Operating income for 2015 included charges of SEK 190m for the cost-reduction program described above.
SEKm | 2016 | 2015 |
---|---|---|
Net sales | 8,183 | 8,958 |
Organic growth, % | –8.2 | –3.8 |
Operating income | 238 | –63 |
Operating margin, % | 2.9 | –0.7 |
Net assets | 796 | 1,300 |
Return on net assets, % | 18.6 | –4.4 |
Capital expenditure | 171 | 181 |
Average number of employees | 2,348 | 2,548 |
12 | 13 | 14 | 15 | 16 | |
Net sales | 9011 | 8952 | 8678 | 8958 | 8183 |
Operating margin | 5.1 | 3.5 | 2.3 | -0.7 | 2.9 |
Overall market demand for professional food-service and professional laundry equipment improved year-over-year. Demand in Electrolux core markets in Western Europe increased slightly. The US and Japan also posted year-over-year growth.

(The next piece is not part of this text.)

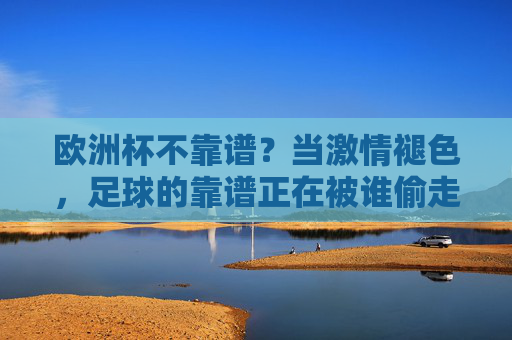 欧洲杯不靠谱?当激情褪色,足球的靠谱正在被谁偷走?足球的靠谱,正被谁偷走?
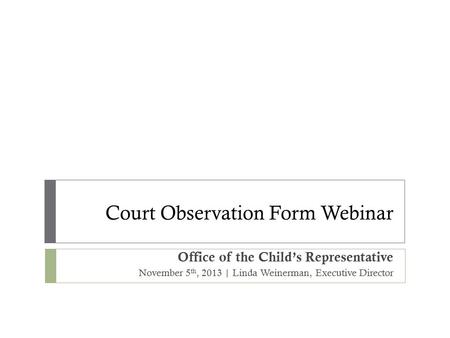 Court Observation Form Webinar Office of the Child’s Representative November 5 th, 2013 | Linda Weinerman, Executive Director.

Electrolux organic growth was 4%. Sales of both laundry equipment and food-service equipment increased. Sales grew in several markets and were particularly strong in Western Europe, the US and Japan. A strong product offering in both food-service and laundry equipment contributed to the positive sales trend in most markets.

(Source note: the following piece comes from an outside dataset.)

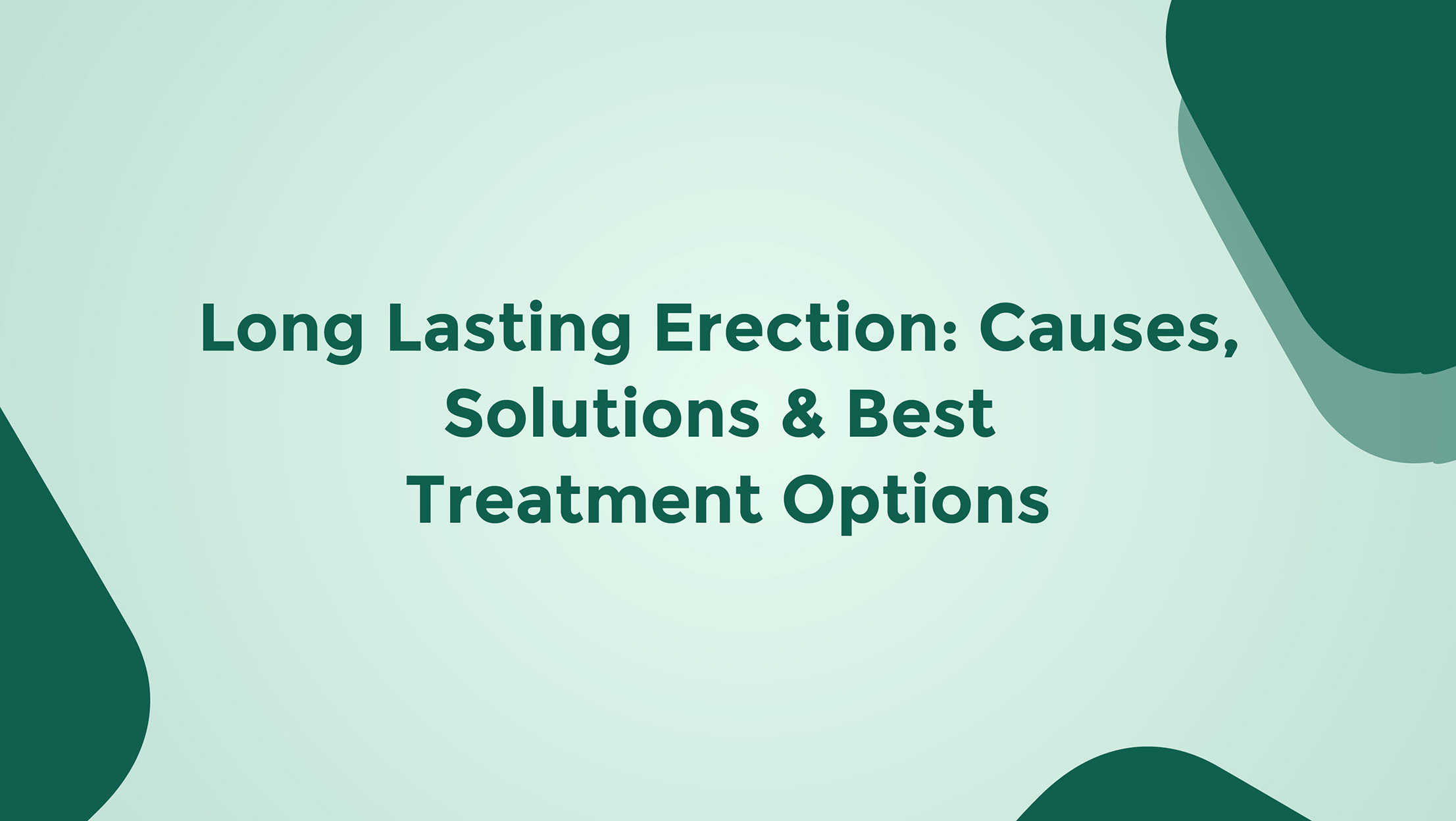 Long Lasting Erection Causes Solutions And Best Treatment Options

Operating income and margin improved year-over-year. Higher sales volumes had a positive impact on operating income. Investments in product development to strengthen the positions in new segments and markets continued.
SEKm | 2016 | 2015 |
---|---|---|
Net sales | 6,865 | 6,546 |
Organic growth, % 1) | 4.4 | 2.8 |
Acquisitions, % | 0.6 | 1.2 |
Operating income | 954 | 862 |
Operating margin, % | 13.9 | 13.2 |
Net assets | 843 | 882 |
Return on net assets, % | 108.1 | 85.7 |
Capital expenditure | 124 | 99 |
Average number of employees | 2,767 | 2,625 |
1) The organic growth in 2016 was positively impacted by 1.3%, related to the transfer of operations under the Kelvinator brand in North America from the business area Major Appliances North America.